October 1: The main Nuremberg trial verdicts, acquittals, and sentencing occurred. There prisoners found out who would be hung and who would get life imprisonment. Twenty-two major German and Austrians war criminals were tried during eleven months of hearings at Nuremberg. Other tribunals throughout Europe would continue the work begun at Nuremberg, and a number of low-level officials were convicted, but many Nazis and Nazi collaborators were never brought to justice.

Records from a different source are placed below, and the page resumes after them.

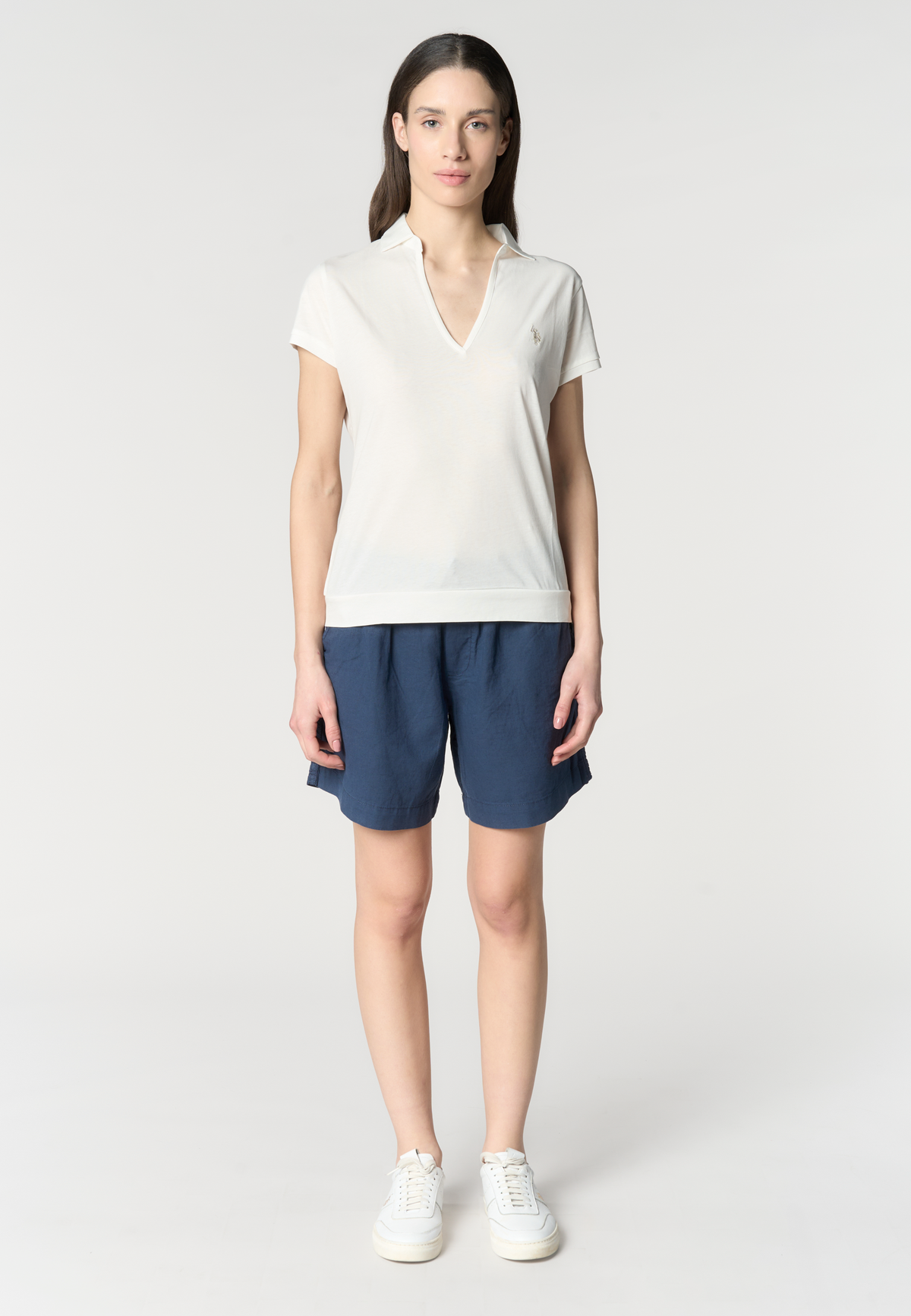 Shorts da donna in misto cotone e lino con vita elasticizzata e coulisse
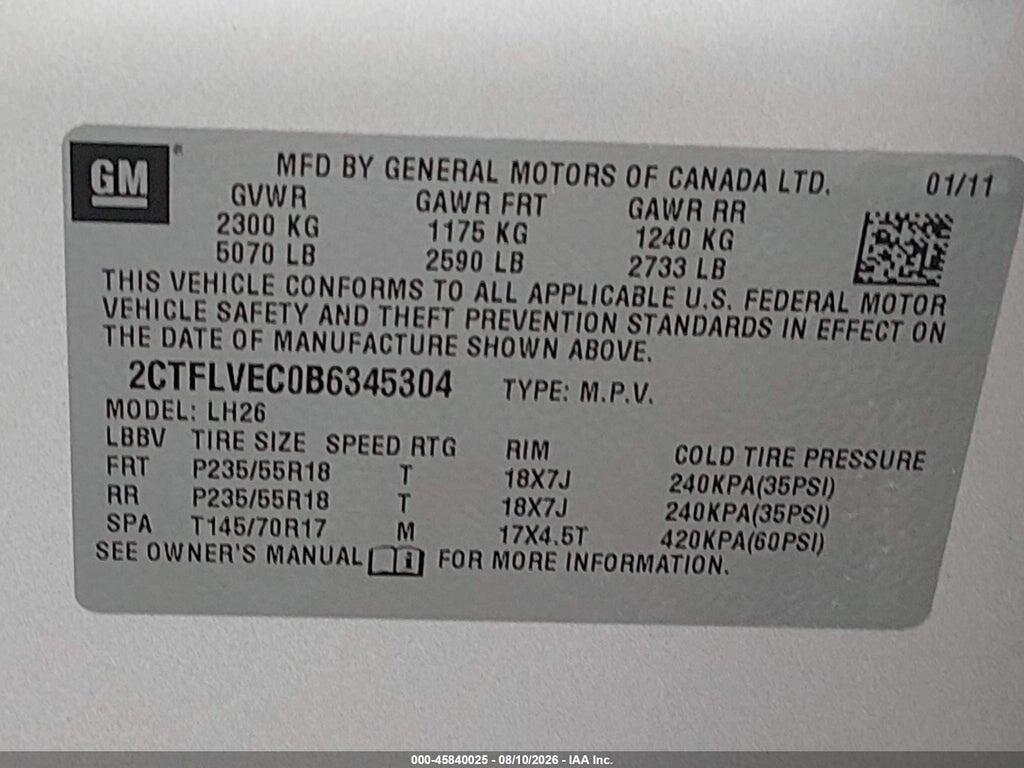2CTFLVEC0B6345304 2011 GMC TERRAIN photo no. 9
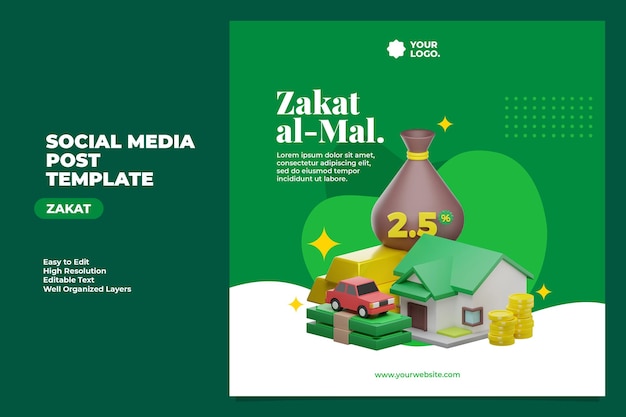 Modelo de postagem do instagram de mídia social Zakat mal com ilustração de renderização 3d
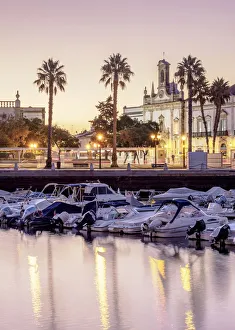 Faro Prints: View over Marina towards Arco da Vila at dawn, Faro, Algarve, Portugal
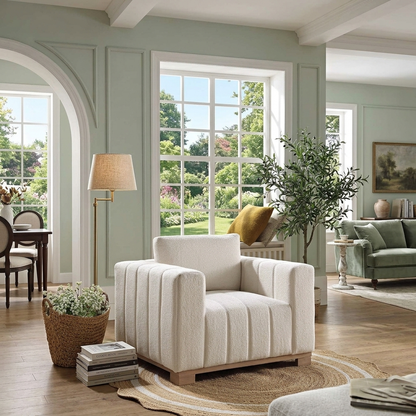 Dapi Beige Boucle 1-Seater Sofa with Wooden Base W 90 x D 87 x H 79 cm - (OT)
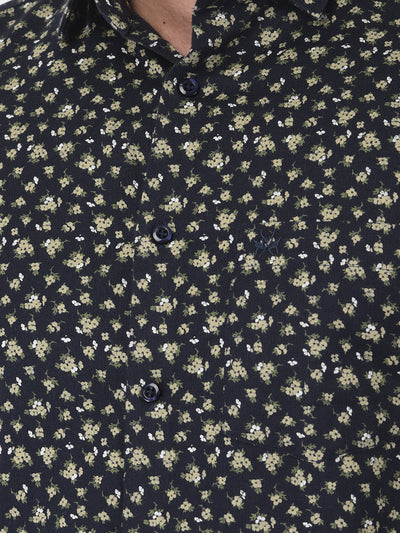 Floral Navy Blue Shirt - Men Shirts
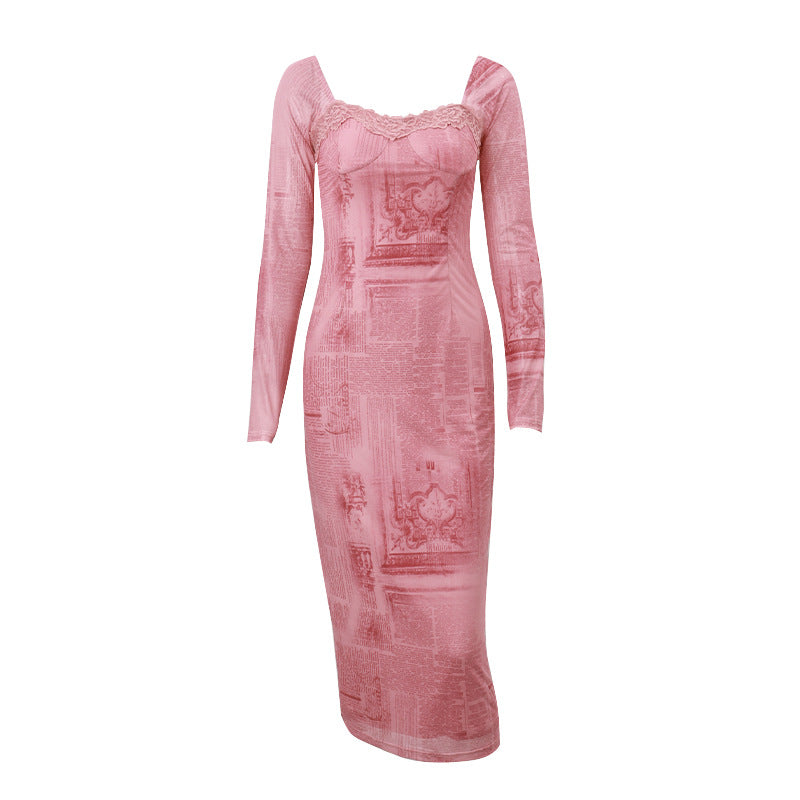 Women Clothing Autumn Best Sexy Low Cut Backless Square Collar Retro Slim Fit Long Sleeved Dress by Ragazza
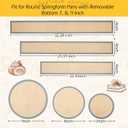 Honeydak 3 Set Silicone Baking Mat for 7, 8, 9 Inch Springform Pan Protector Nonstick Reusable Cake Pan Liners for Cheesecake Baking Prevent Sticking to Bottom & Side, Easy Release & Clean(Gray)
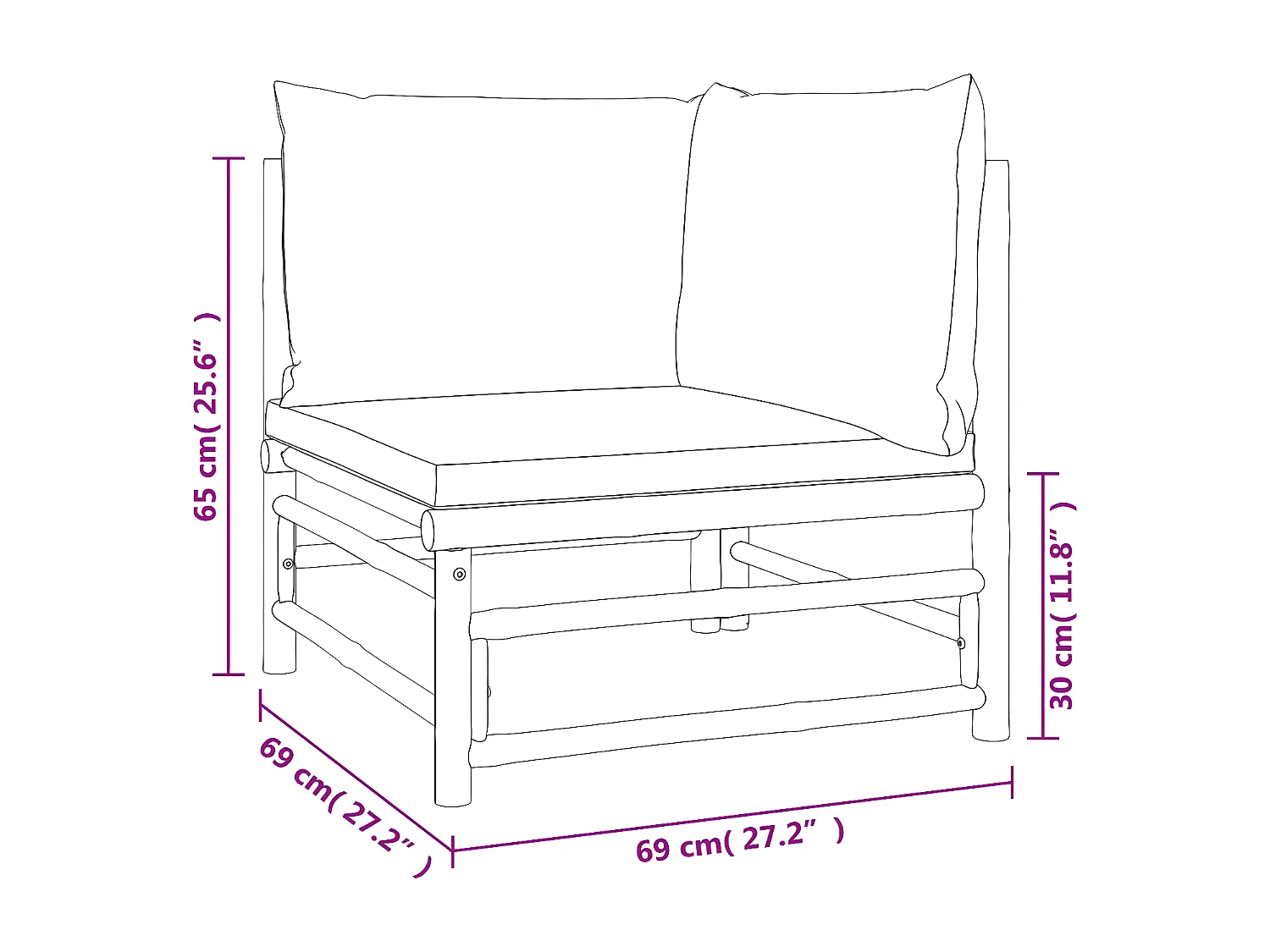 Set Salotto da Giardino 2pz con Cuscini Grigio Chiaro Bambù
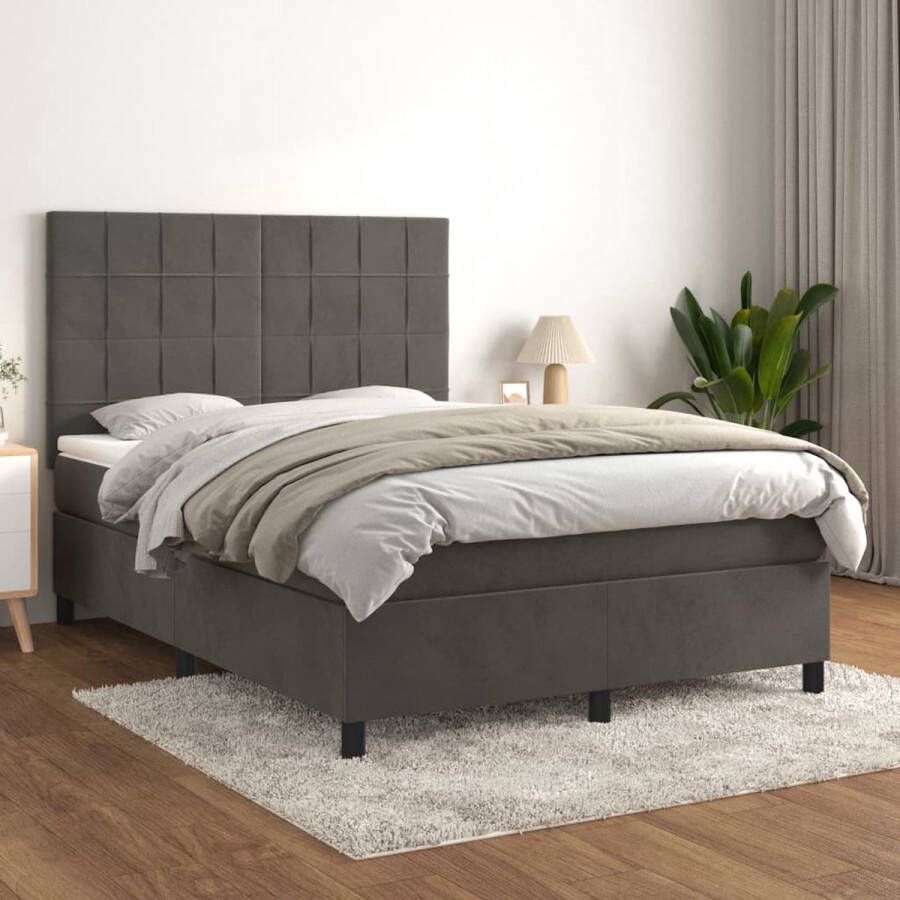 The Living Store Boxspringbed Donkergrijs 203 x 144 x 118 128 cm Fluweel Verstelbaar hoofdbord Pocketvering matras Middelharde ondersteuning Huidvriendelijk topmatras Inclusief montagehandleiding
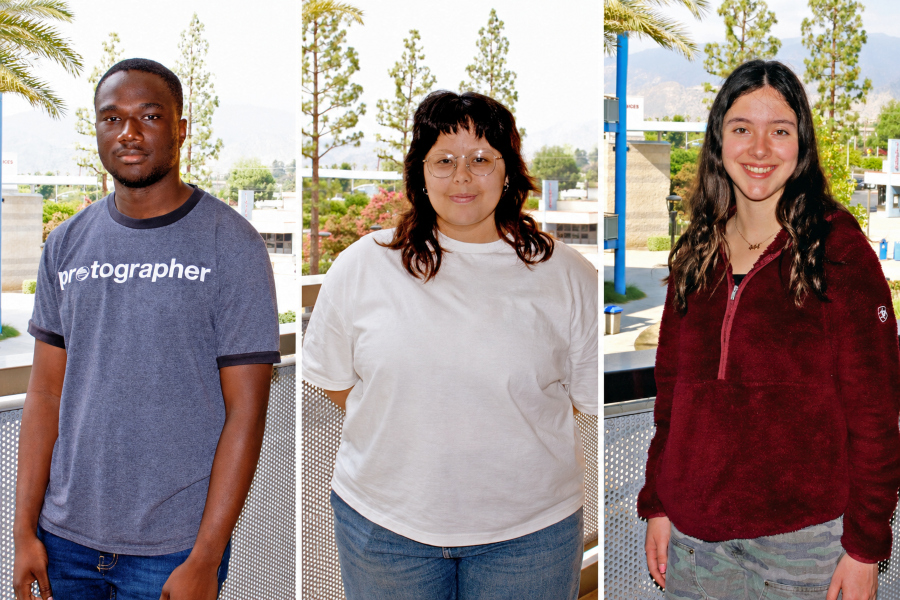 three citrus college students standing outdoors on campus after attending a student journalism conference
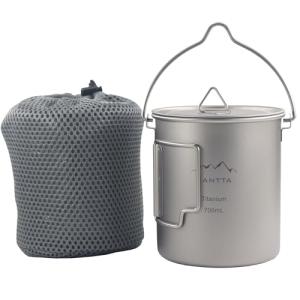 SANTTA 700mL Lightweight Titanium Camping Mug Pot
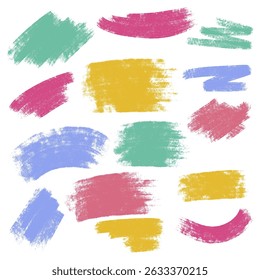 Watercolor paint brush strokes set. Freehand pastel thick smears. Chalk wax crayon texture stain for text or message. Grunge bold charcoal abstract empty doodle shapes. Isolated vector illustration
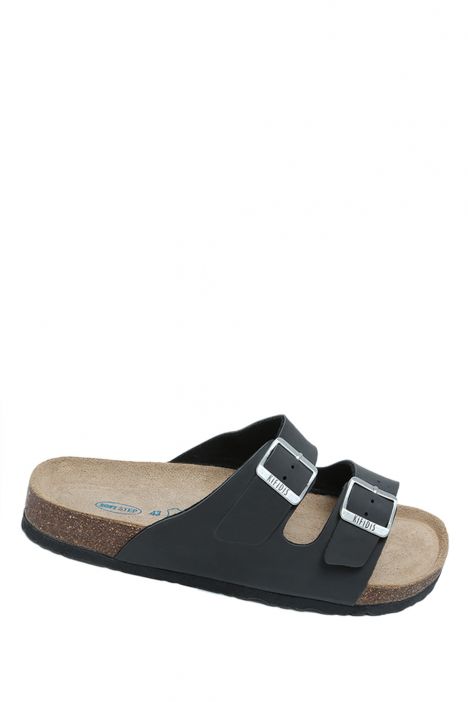 KS0765SE Kifidis Soft Step Erkek Çift Bantlı Mantar Terlik 40-46 04 - Mat Siyah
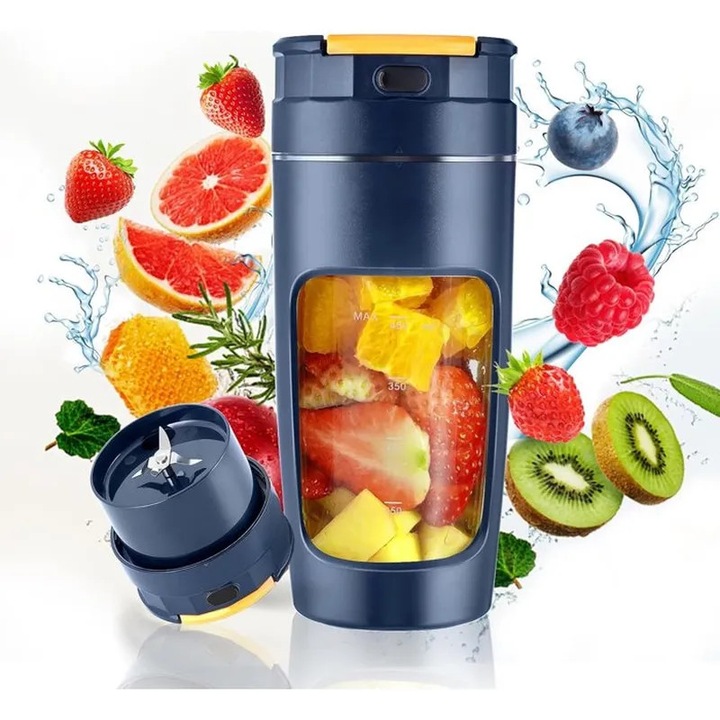 Hordozható turmixgép, 600 ml, kompakt, fehér
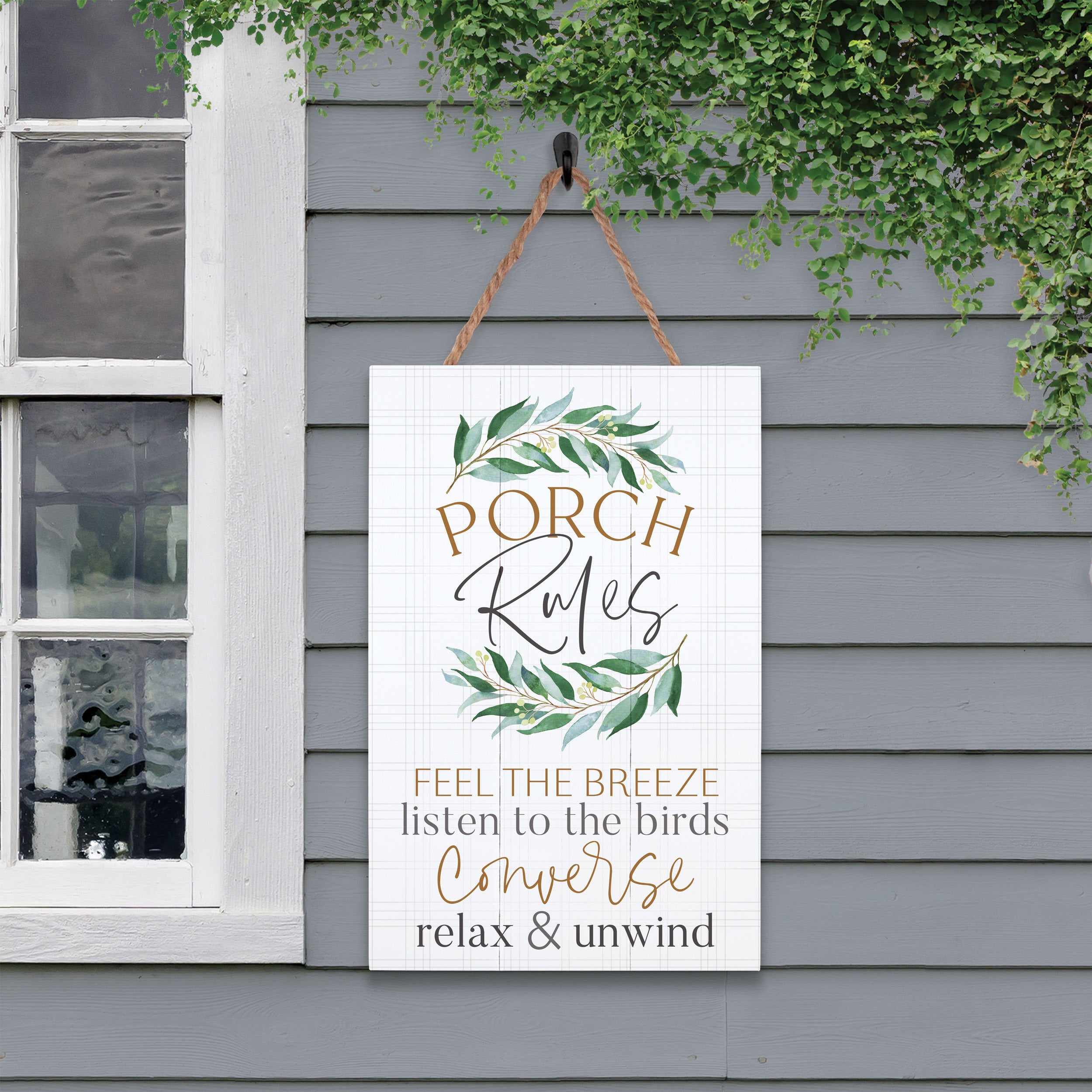 **Porch Rules Feel The Breeze Listen To The Birds Outdoor Hanging Sign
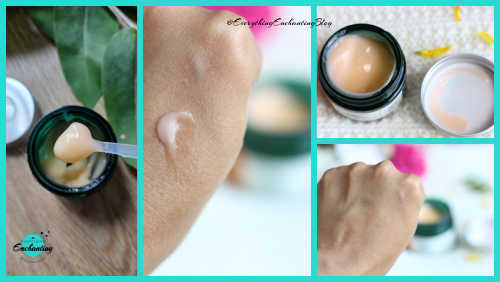 A collage of four images illustrating the texture and application of The Body Shop Vitamin C Glow Boosting Moisturiser. The top right image shows the open jar with the light orange-hued product inside and on the lid. The top left image shows a small spatula scooping the product from the jar. The middle left image shows a dollop of the moisturizer applied to skin on a hand. The bottom right image shows the moisturizer blended into the skin.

Ray was then involved with another trial, where he saw documents detailing Dr. Mengele’s experiments and what happened at the Ravensbrück Concentration Camp. He heard about the selection process by the doctors, in which they would take the children from their mothers. He heard about the experiments. One example was freezing people, and then attempting to bring them back to life. The experiments were brutal. He then was sent to Feuchtwangen to be the military governor. His first wife came to Europe to see him, but the relationship ended.
1947
Ray returned to Sioux Falls and divorced his first wife. He had three months of school left. He began dating Barbara Matson, whom he had known in high school. Barbara was living in Chicago, but quit her job and came back to Sioux Falls. She worked as a home service director for Sioux Falls Gas and Electric. Ray moved to Watertown, South Dakota to become a teacher and a coach, but he was disabled, so he got a job with International Harvester and was transferred to Great Falls, Montana. By the spring, Ray married Barbara.
2007
Raymond Sandvig died December 2 in Hermitage, Tennessee.